C''est ainsi que Gaston Lamy
fonde en janvier 1903 la Société Navale Caennaise qui se
lance dans la construction d'une série de charbonniers dont le NIOBE.
Commandé en 1920 aux chantiers anglais Blyth Shipbuilding and Dry Docks
Co situés sur la rivière Tyne sur la côte nord-est d’Angleterre
ce navire sera donc construit par les britanniques.
Livré en août 1920 et connu sur le numéro de chantier 214, le cargo minéralier est baptisé du nom de NIOBE. Gaston Lamy a-t-il conscience que ce nom qui, comme tous les autres navires de la S.N.C., est emprunté à la mythologie grecque ? Avait-il conscience que ce nom était déjà le symbole d'une tragédie ? En effet, NIOBE, reine de Thèbes, eu ses 14 enfants tués par le dieu Apollon et la déesse Artémis pour avoir courroucé leur mère Léto !

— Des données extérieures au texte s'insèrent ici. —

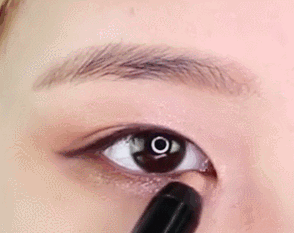 上妆前的步骤有哪些，妆前是什么步骤（新手必看的保姆级化妆教程）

Propulsé par un moteur triple expansion de 1.200 CV et une hélice quadripale, le vapeur est capable de d'atteindre les 10 nœuds. Le NIOBE connaît une "vie commerciale" sans encombre. Le navire est affecté au transport de vrac entre différents ports nord européens : Cherbourg, Caen, Rotterdam, Nantes. Bien entendu, le NIOBE transportera également du charbon mais aussi du minerai de fer et du bois entre ces différents ports. La guerre va décider du destin du NIOBE qui est réquisitionné le 25 mai 1940 par la Direction des Transports Maritimes.
"LA DROLE DE GUERRE" - LE
DRAME SE MET EN PLACE
Mai 1940, les armées allemandes sont aux frontières de la France. Cantonné dans un attentisme connu sous le nom de "Drôle de guerre", le gouvernement regarde les Panzers Division envahir sans coup férir la Pologne, la Hollande, la Belgique. Rien ne semble devoir arrêter la Wehrmarcht !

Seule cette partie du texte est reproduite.